GIVEN MATERIAL
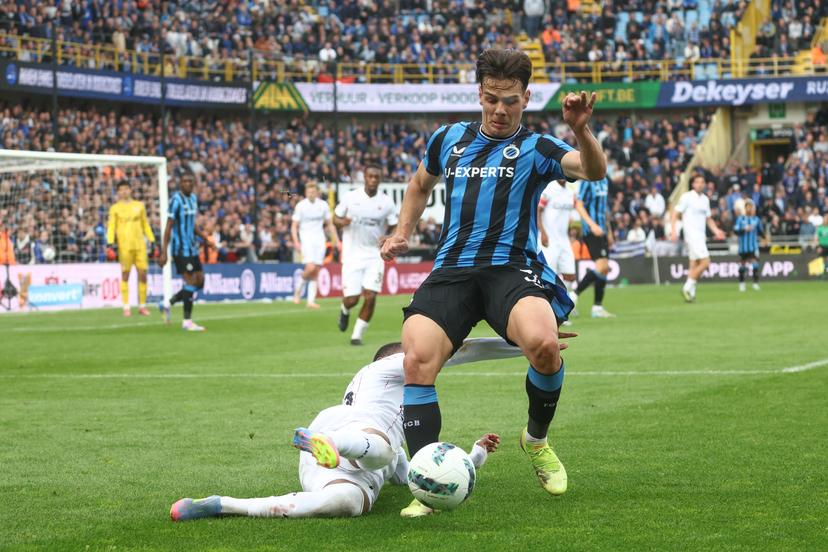 Antwerp's Michel Ange Balikwisha and Club's Ardon Jashari fight for the ball during a soccer match between Club Brugge and Royal Antwerp FC, Sunday 25 May 2025 in Brugge, on day 10 (out of 10) of the Champions' Play-offs of the 2024-2025 'Jupiler Pro League' first division of the Belgian championship. BELGA PHOTO BRUNO FAHY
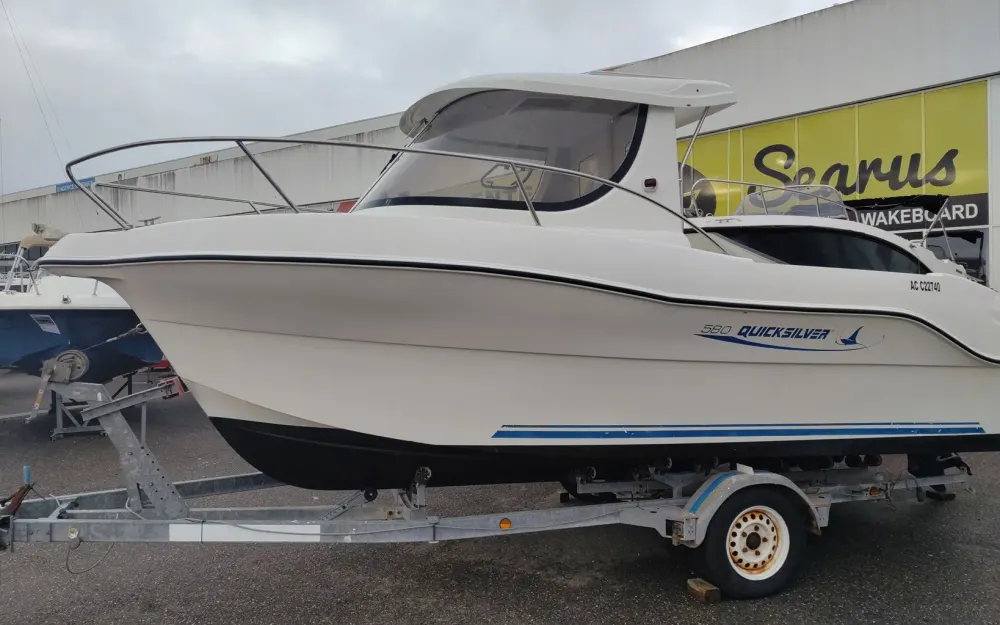 slider 1 Quicksilver  580 Pilothouse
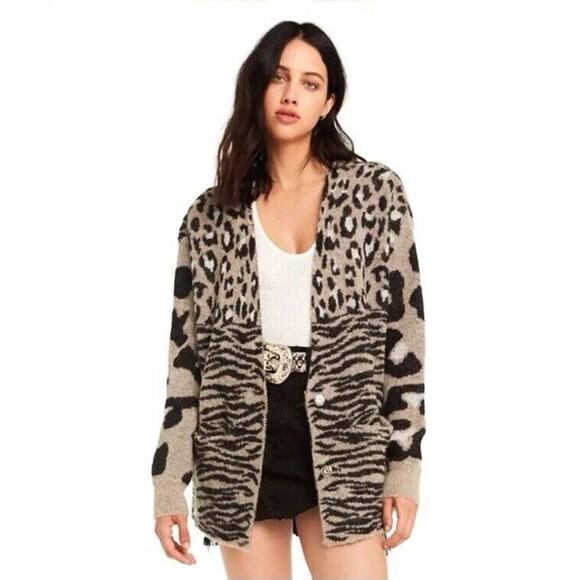 Wildfox Avani Leopard Oversized Cardigan SMALL Sweater Mohair Animal Print EUC - Picture 1 of 8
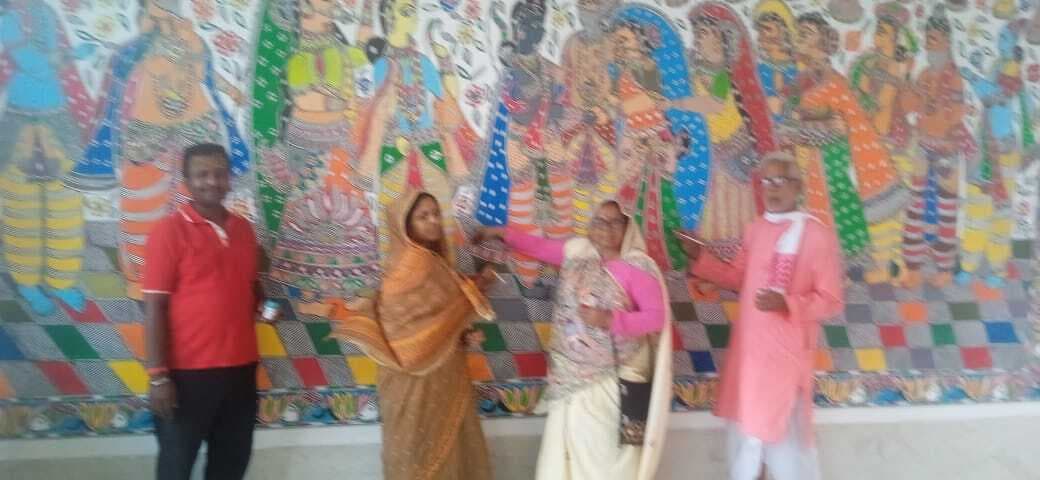 जिले की संस्कृति व धरोहरों से सजने लगा अमृत भारत स्टेशन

YOUR TASK
Give back the material exactly as written, images excluded.

THE ANSWER
 Antwerp's Michel Ange Balikwisha and Club's Ardon Jashari fight for the ball during a soccer match between Club Brugge and Royal Antwerp FC, Sunday 25 May 2025 in Brugge, on day 10 (out of 10) of the Champions' Play-offs of the 2024-2025 'Jupiler Pro League' first division of the Belgian championship. BELGA PHOTO BRUNO FAHY
 slider 1 Quicksilver  580 Pilothouse
 Wildfox Avani Leopard Oversized Cardigan SMALL Sweater Mohair Animal Print EUC - Picture 1 of 8
 जिले की संस्कृति व धरोहरों से सजने लगा अमृत भारत स्टेशन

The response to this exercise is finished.